A contestação foi apresentada pelo advogado Bryan Freedman, que questionou a composição dos honorários cobrados pela atriz e argumentou que parte das despesas não deveria ser reembolsada pela outra parte.




Defesa afirma que pedido inclui despesas sem relação direta com a ação
Na petição, Bryan Freedman alegou que o pedido de Blake Lively contempla custos que, na avaliação da defesa, extrapolam o escopo do processo judicial.
“O pedido de honorários de Lively é tão abrangente que inclui custos com pesquisas sobre sua própria responsabilidade por falso testemunho — decorrente de sua reclamação no CRD da Califórnia — e sobre sua moção baseada na ‘Regra 11’ (Rule 11), para a qual o Tribunal já havia negado o reembolso de honorários!”, afirmou.

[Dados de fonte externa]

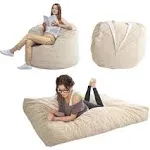 MAXYOYO Giant Bean Bag Chair Bed for Adults, Convertible Beanbag Folds from Lazy Chair to Floor Mattress Bed, Large Floor Sofa Couch, Big Sofa Bed, High-Density Foam Filling, Machine Washable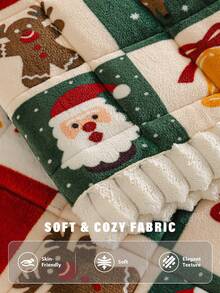 1PC Christmas Pattern Chenille Sofa Cushion Cover, Festive Holiday Couch Slipcover For Living Room Home Decor, Non-Slip Backing, Scratch-Resistant Pet Friendly, Machine Washable For 1/2/3/4 Seater Sofa - Multicolor - View 4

No início de maio, Blake Lively e Justin Baldoni anunciaram um acordo para encerrar a disputa relacionada ao processo movido pela atriz em 2024. A ação teve origem nas acusações de assédio sexual feitas por Lively contra o diretor e colega de elenco do filme É Assim Que Acaba, além da alegação de que ele teria liderado uma campanha de difamação contra ela.
Segundo a revista Variety, o entendimento entre as partes foi firmado cerca de duas semanas antes de o caso ser analisado pela Justiça federal. Em nota, as equipes jurídicas informaram que ambos pretendiam encerrar o conflito e seguir em frente após os desentendimentos ocorridos nos bastidores da produção.
O acordo também foi celebrado aproximadamente um mês depois de a Justiça dos Estados Unidos rejeitar 10 das 13 ações cíveis apresentadas por Blake Lively, incluindo todas as acusações de assédio sexual. Permaneceram para análise em tribunal federal apenas três alegações: retaliação, cumplicidade em retaliação e quebra de contrato.